In some steel mills there are soaking pits which have covers that are removed by a special soaking pit cover carriage which rolls on rails over a group or row of soaking pits which are adjacent to each other. The cover carriage is also referred to as a cover crane (e.g., THE MAKING, SHAPING AND TREATING OF STEEL, by United States Steel, 1957, PP. 402 and 404). The carriage has a clearance of approximately 30 inches between the top of the pit and the under surface of the pit cover carriage. The carriage is capable of selectively latching onto one of the soaking pit covers lifting it a few inches to break the sand seal and then carries it back as the carriage is moved back along a trackway away from the soaking pit. The cover is replaced in a reverse manner.
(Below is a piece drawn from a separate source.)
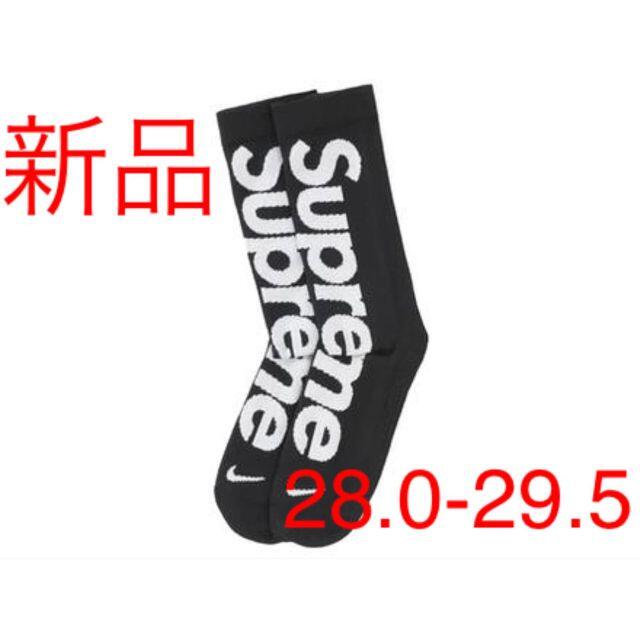 新品 Supreme Nike Lightweight Crew Socks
These soaking pits sometimes have a shallow dimension between the top of the slag debris buildup to the bottom of the cover over the pit (or the top of the pit). Existing soaking pit cleaning machines are not designed to accommodate the shallow clearance between the top of the pit and the debris while at the same time permit a soaking pit cover carriage to pass freely over the machine while it is resting on the pit.
Frequently while one pit is being cleaned with a soaking pit cleaning machine resting on it, the adjacent pits are in operation and the soaking pit cover carriage which removes the covers by carrying them back away from the pit opening must pass over the soaking pit machine to remove one or more of the covers of the adjacent pits for the purpose of either removing an ingot and/or charging it with a new ingot. A serious problem is presented to a soaking pit cleaning machine design which must meet two constraints. One -- accommodating a pit which has large accumulation of slag and, therefore, presents a shallow pit initially which must be cleaned to a depth of an ordinary full depth pit; and two -- at the same time the machine must present a low horizontal profile above the top of the pit to enable the pit cover carriage which has a clearance of only 30 inches to pass over the soaking pit machine. This avoids the necessity of removing the soaking pit machine every time one of the adjacent pits had to be charged with an ingot or have one removed from it.
Skendrovic U.S. Pat. No. 3,370,654: This patent shows a soaking pit cleaning machine which does not show any structure above the horizontal frame. However, while it may present a low profile in order to permit a soaking pit cover carriage to pass over it, the constraint between the top of the pit and the top of the slag 22 must be of such a sufficient dimension as to permit the boom assembly which carries the demolition tool to accommodate the demolition tool housing assembly to permit the tool to remove the slag. If the dimension is too small the boom assembly with the tool cradle could not work the pit. If the slag 22 is substantially closer to the top of the pit it would be impossible to collapse and cram the Skendrovic structure depending from the horizontal support resting on the top of the pit within the space between the top of the pit and the slag. The Skendrovic structure, therefore, is capable of being used only when the available space between the top of the slag and the top of the pit permits insertion of the assembly within that dimension.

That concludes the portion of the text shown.